• [PROVIDED DATA]:
※ ※ ※

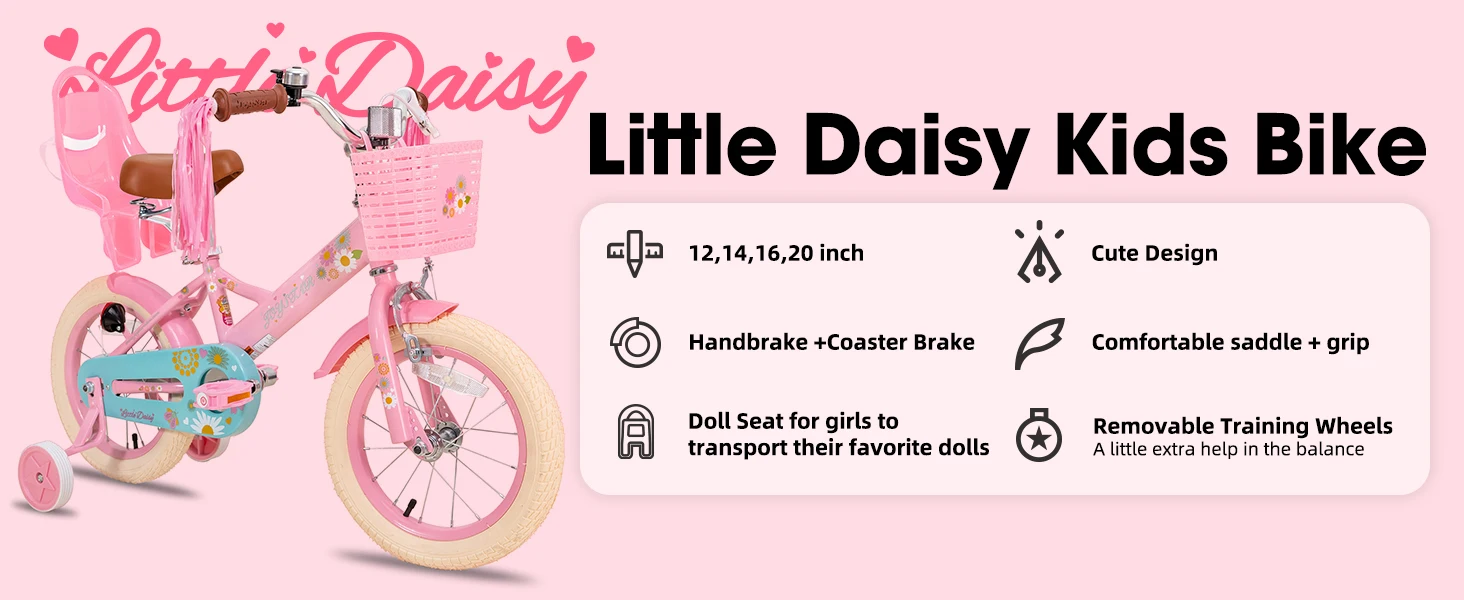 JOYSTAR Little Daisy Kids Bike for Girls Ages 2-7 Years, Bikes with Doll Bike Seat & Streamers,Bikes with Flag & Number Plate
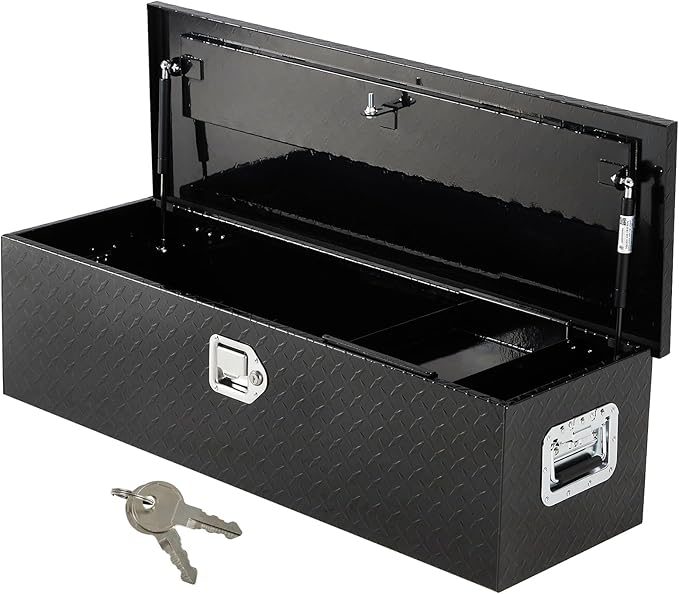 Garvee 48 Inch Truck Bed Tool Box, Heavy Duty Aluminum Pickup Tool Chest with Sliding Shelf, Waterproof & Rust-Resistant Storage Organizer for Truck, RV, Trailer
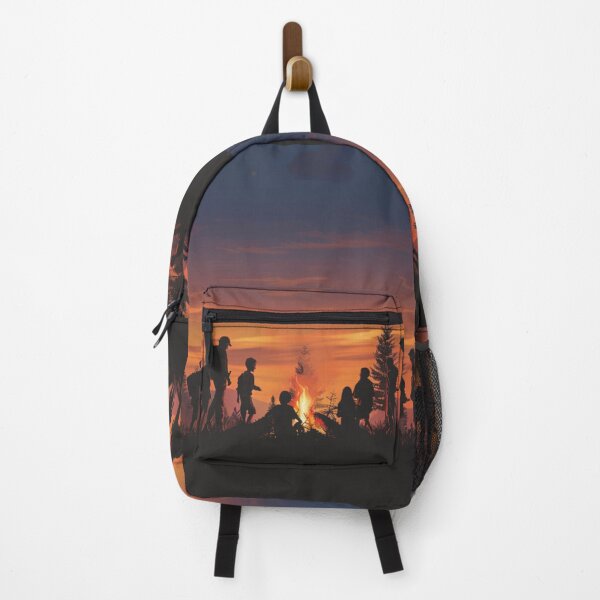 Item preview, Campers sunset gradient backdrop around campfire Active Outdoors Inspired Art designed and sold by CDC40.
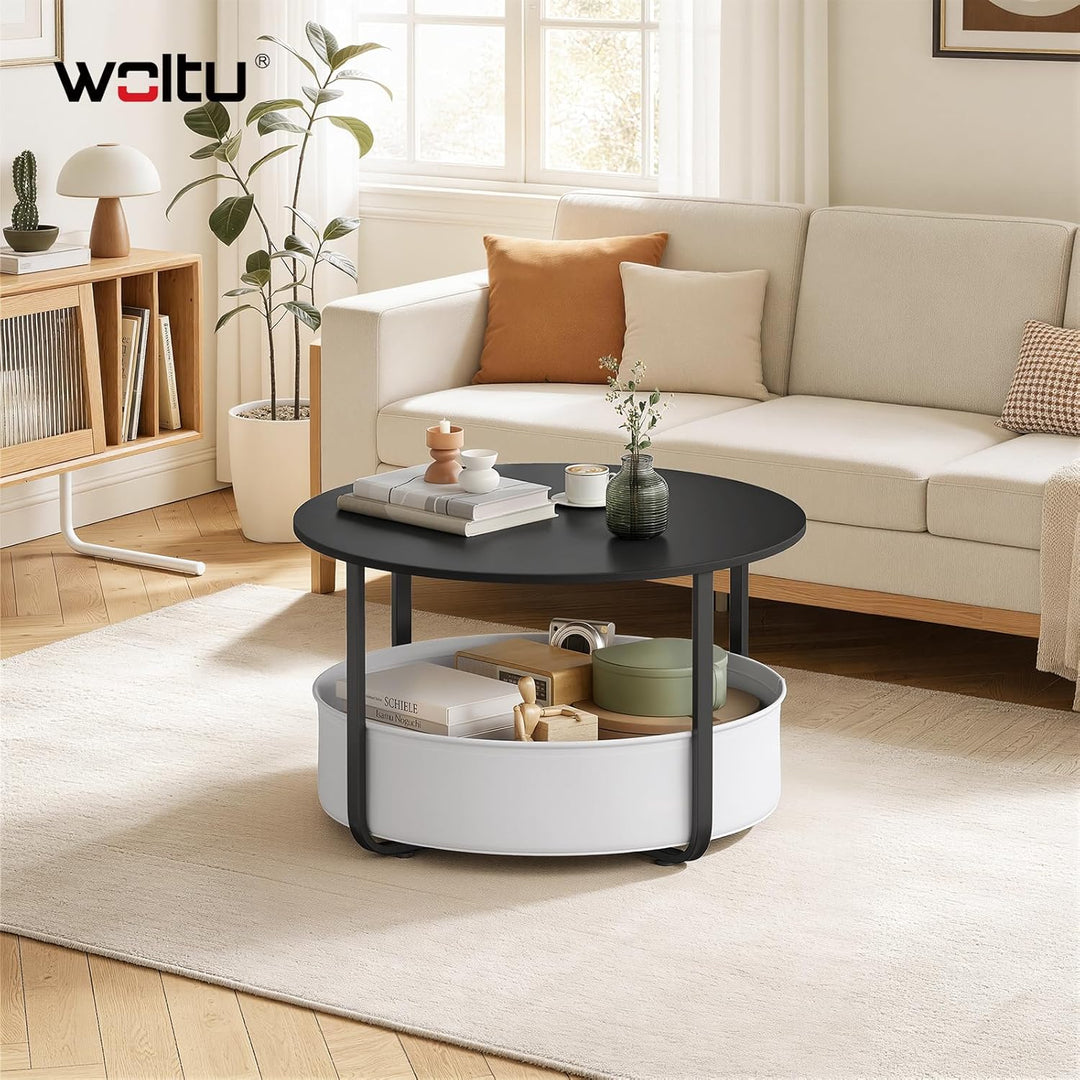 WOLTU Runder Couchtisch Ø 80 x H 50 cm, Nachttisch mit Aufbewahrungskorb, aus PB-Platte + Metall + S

※ ※ ※

• [GOAL OF THE EXERCISE]: Copy the data word for word. Pictures do not go in the copy.

• [RESPONSE TO THE TASK]:
 JOYSTAR Little Daisy Kids Bike for Girls Ages 2-7 Years, Bikes with Doll Bike Seat & Streamers,Bikes with Flag & Number Plate
 Garvee 48 Inch Truck Bed Tool Box, Heavy Duty Aluminum Pickup Tool Chest with Sliding Shelf, Waterproof & Rust-Resistant Storage Organizer for Truck, RV, Trailer
 Item preview, Campers sunset gradient backdrop around campfire Active Outdoors Inspired Art designed and sold by CDC40.
 WOLTU Runder Couchtisch Ø 80 x H 50 cm, Nachttisch mit Aufbewahrungskorb, aus PB-Platte + Metall + S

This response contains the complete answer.